Oxygen-creating photosynthesis naturally gave rise to oxygen in the atmosphere — and that paved the way for oxygen-breathing organisms, like humans, to dominate the Earth.

Like other algae, cyanobacteria photosynthesize, and they do well in warm, nutrient-rich waters. Algae are altogether responsible for half of Earth's photosynthetic activity, and the plants are a key part of aquatic food chains.

An excess of nutrients, though, can lead to algal blooms that choke out other aquatic life. And in the case of certain types of bacteria, they can also leak toxins into the water that are harmful to humans.
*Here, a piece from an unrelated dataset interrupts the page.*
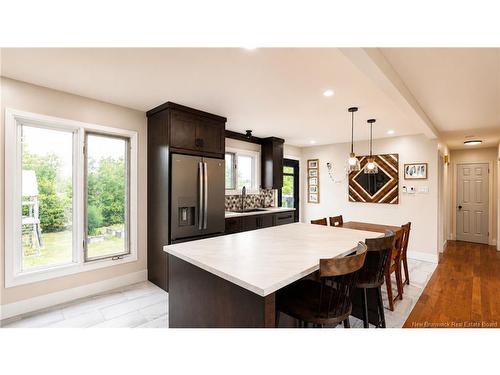 1255 Veniot Ave, Bathurst, NB 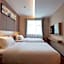 Wenxing Hotel (Guangzhou Beijing Road Pedestrian Street Haizhu Square Subway Station)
Algal blooms in Lake Erie have made hundreds of people sick. In 2014, officials in Toledo, Ohio, had to ask nearly half a million residents to stop drinking their tap water while the contamination was dealt with, NPR reported.

That wasn't the first time local residents had such an experience: A similar effect happened one year earlier, when a toxin was detected in numbers 3.5 times the safe levels for drinking.

That span of time was particularly bad for Lake Eerie, which sees algal blooms every year. But the blooms, which are monitored by NASA satellites and the US Environmental Protection Agency, are not stopping any time soon.

As warming global temperatures make for perfect algae-blooming conditions, these upticks in the summer aren't expected to slow down. Excess nutrients, like those from sewage and agriculture, are also big contributors to algae growth.

We don't yet know what this means for the health of humans or elephants. Taolo said authorities are monitoring water supply for elephants but are no longer seeing elephant deaths.